Low-risk comprises those cases in which the age is less than 70 years, and the patient has preserved cardiac and renal function, with no more than two compromised organs; in this scenario, it is estimated that the patient may be a candidate for autologous hematopoietic stem cell transplantation (HDM-SCT). On the other hand, moderate risk include those cases in which the age is over 70 years, without renal or cardiac involvement, like the current case; in this situation, surgical management or the initiation of chemotherapy can be considered as a therapeutic option, with the CyBorD protocol (cyclophosphamide, bortezomib, and dexamethasone) as first-line; in second place, the MDex protocol (melphalan and dexamethasone) is described. If bortezomib or melphalan are not tolerated or have contraindications, cyclophosphamide and dexamethasone can be considered in these individuals.14

If there are limitations obtaining histopathological studies, there are some clinical, radiological, and serological clues described in the literature15 that enable to infer whether the micronodule in patients with SS is associated with disorders such as lymphoma or amyloidosis. In non-Hodgkin’s lymphoma (NHL), cases are typically young patients with splenomegaly, lymphadenopathy, vasculitis, purpura, Raynaud's phenomenon, ectopic germinal centers, Focus Score>3, rheumatoid factor positivity, anti-Ro/SSA, lymphopenia, cryoglobulinemia, and multinodular lung nodule (>10NP), with apicomedial and bilateral location, nodular size between 20.5–41.5mm, cystic, and a tendency to consolidation. On the other hand, subjects with amyloidosis were frequently over 67 years of age, presented with peripheral neuropathy, arthralgia, centrilobular, basal, and bilateral pulmonary nodules, stable over time, with nodular size between 13−26mm, with a trend to progression to cystic lesions or septal thickening whose pattern is very similar to that documented in the current case report.

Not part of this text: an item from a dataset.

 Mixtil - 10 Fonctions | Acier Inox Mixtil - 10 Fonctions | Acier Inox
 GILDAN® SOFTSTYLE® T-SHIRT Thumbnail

Therefore, considering the clinical debut of the patient with chronic and bilateral parotid gland enlargement, histopathological findings of amyloidosis in the minor salivary and parotid gland, <10% bone marrow plasma cells, immunohistochemistry without aberrant neoplastic phenotype, monoclonal component in protein electrophoresis, abnormal κ/λ chain ratio immunofixation, associated with organic, pulmonary and progressive affection, led to the diagnosis of systemic amyloidosis secondary to SS.

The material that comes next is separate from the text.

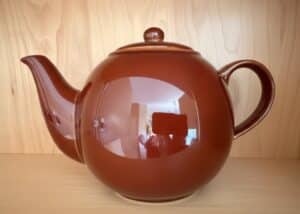 London-Pottery-Globe-Teapot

This case reflects the Sjögren syndrome impact on glandular and extraglandular involvement associated with AL amyloid deposits, especially in the lung. Its identification is a diagnostic challenge that requires high clinical intuition. Histopathological studies, immunohistochemistry, and especially mass spectrometry are ideal for typifying amyloid protein, stratifying the patient, and providing timely treatment.

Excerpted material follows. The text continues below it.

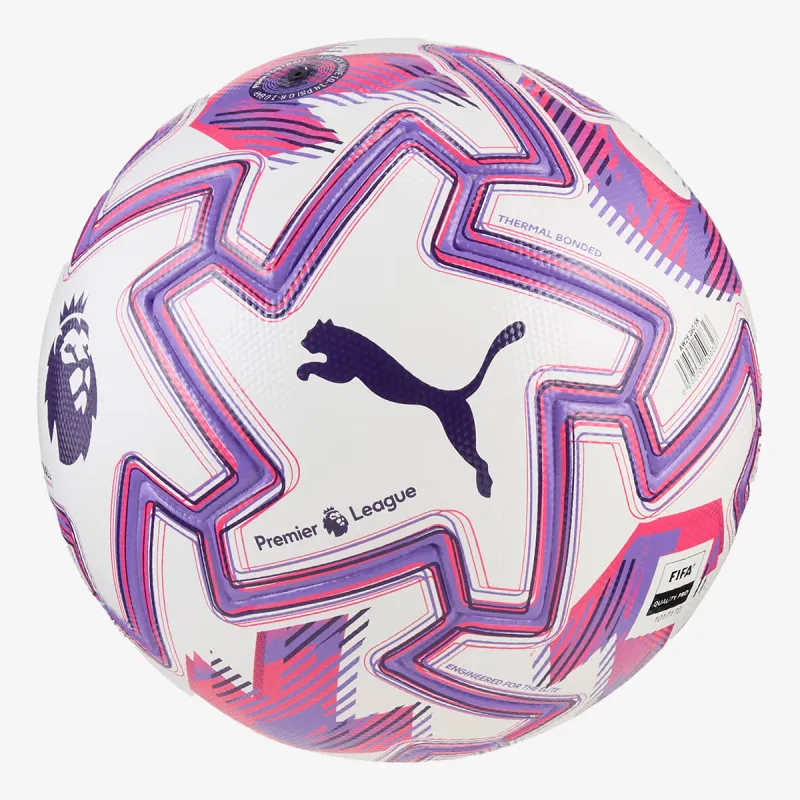 PUMA PUMA Orbita Ultimate PL Brilliance (FIFA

To prepare this case report, the patient received a clear and detailed explanation of the clinical chart, laboratory results, diagnostic images, and pathology report management for scientific dissemination purposes in the context of institutional academic activities. After verbal explanation, an informed consent signature was obtained to participate in different research projects to strengthen knowledge about the disease and positively impact future subjects with the same condition. In this manner, this project complies with current regulations on bioethical research and institutional requirements for the management of personal data. It should be noted that, within the collection of graphic pieces for diffusion, the anonymity of the patient was always promoted to prevent immediate identification by the reading public. In this way, the patient gave her informed consent to participate in the informed consent to participate in the research projects with the objective of research projects with the aim of strengthening the knowledge her pathology and have a positive impact on future patients with the same condition.

The authors declare that they have no conflict of interest in the publication of this article.